Mittwoch ... kommen der Trog sowie die vorgelagerte Kaltfront, durch die starke Amplifizierung, nur noch schleppend ostwärts voran. Später tropft ein kleines Höhentief sogar über Norditalien ab. Dadurch verbleibt der Osten und Südosten noch länger im hebungsintensiven Bereich und es kommt zu weiteren schauerartigen und gewittrig durchsetzen Starkniederschlägen, die besonders in der ersten Tageshälfte weiterhin Unwetterpotential bergen. Erst im Nachmittagsverlauf lassen diese nach.

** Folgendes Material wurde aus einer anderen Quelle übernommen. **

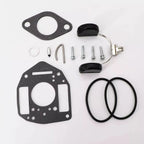 Carburetor Kit for Onan PerFormer 16 18 20 (P216G P218G P220G) 146-0657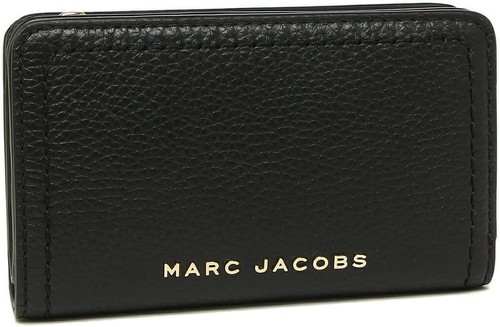 Marc jacobs portafoglio - [marc, jacobs]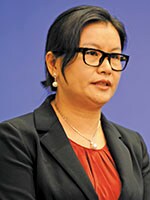 mg_80683_zhou_qunfei_280x210.jpg mg_80683_zhou_qunfei_280x210.jpg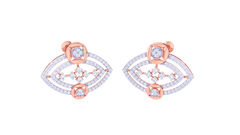 SET90281E- Jewelry CAD Design -Pendant Sets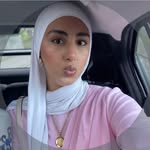 $ara✰ - @sarakader__ - Instagram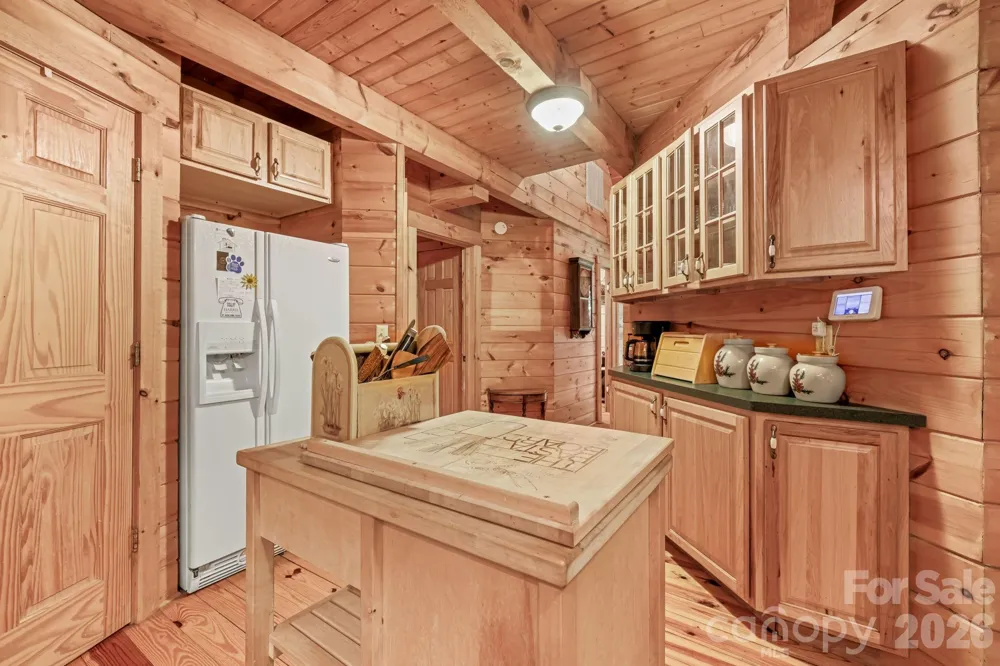 226 Signal Ridge #63 Sylva, NC 28779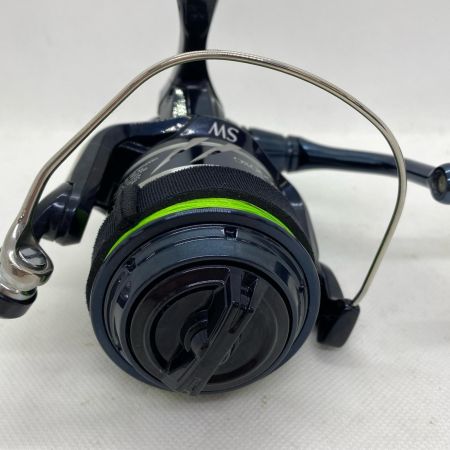 ΨΨ SHIMANO シマノ スピニングリール　24ストラディックSW 6000XG  047427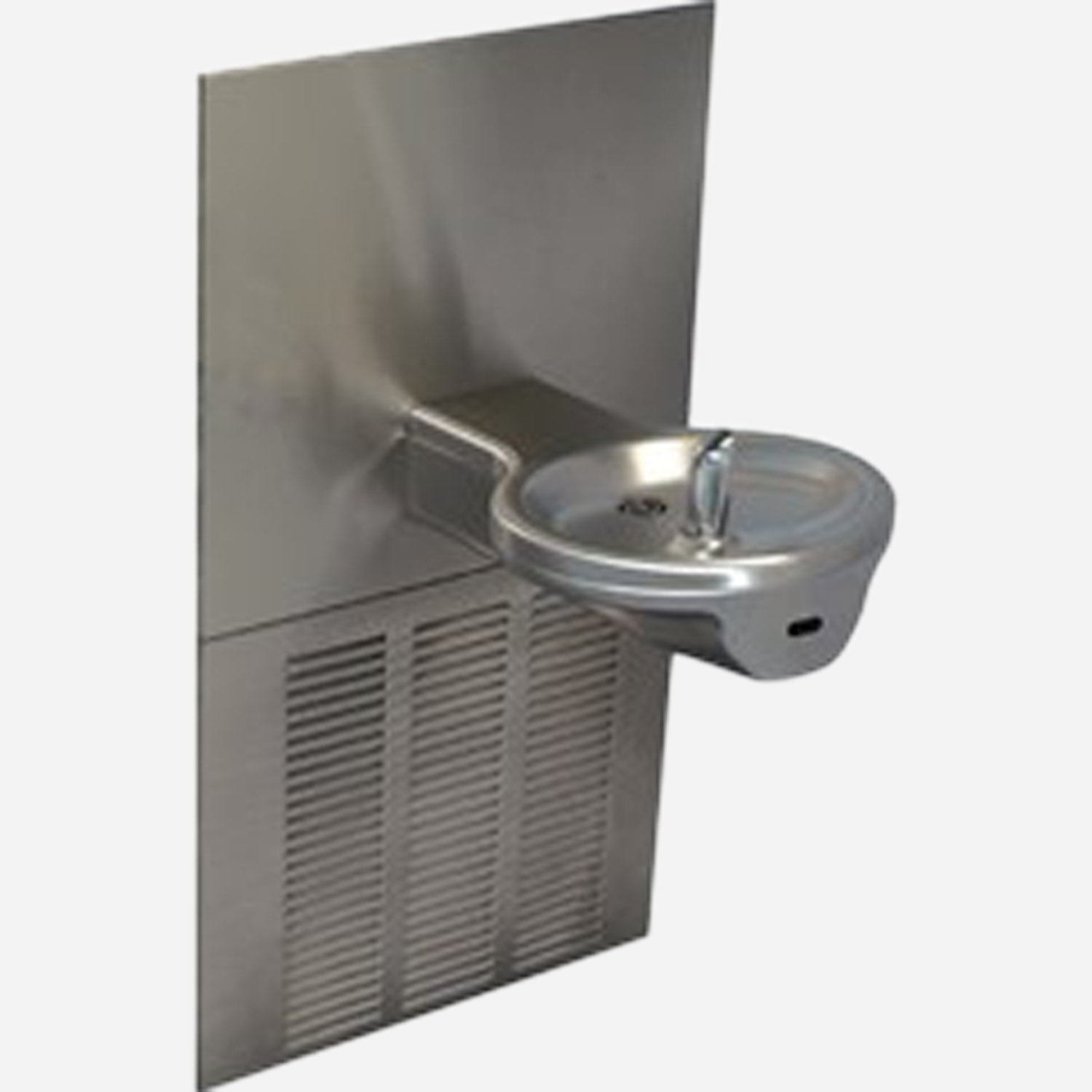 A131.8-VR Series Carousel File 2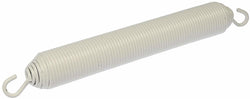 Hood Control Spring fits Kenworth W900 White 1999-2011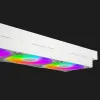 Система водяного охолодження ID-Cooling FX INF 360 (White) (FX360 INF WHITE)
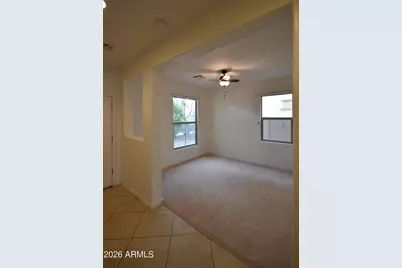 7117 N 73rd Drive, Glendale, AZ 85303 - Photo 7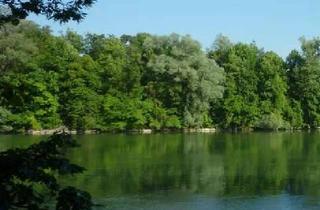 Grundstück zu kaufen in 85716 Unterschleißheim, Attraktives Baugrundstück für Wohnbebauung in Unterschleißheim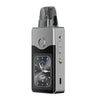 VooPoo Vinci E120 Pod Kit Voopoo Glow Silver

Postfrontal scheint häufig die Sonne, nur im Nordwesten kann es im Trogbereich noch Schauer oder kurze Gewitter geben. Dabei sind markanter Starkregen und Windböen nicht ausgeschlossen.

In der Nacht auf Donnerstag lässt auch der Regen in Südostbayern nach.

Modellvergleich und -einschätzung

Die grundlegende Entwicklung wird einheitlich vorhergesagt. Unsicherheiten gibt es noch bezüglich der genauen Schwerpunkte der Verclusterung und damit der stärksten Niederschläge am Dienstagabend und in der Nacht auf Mittwoch.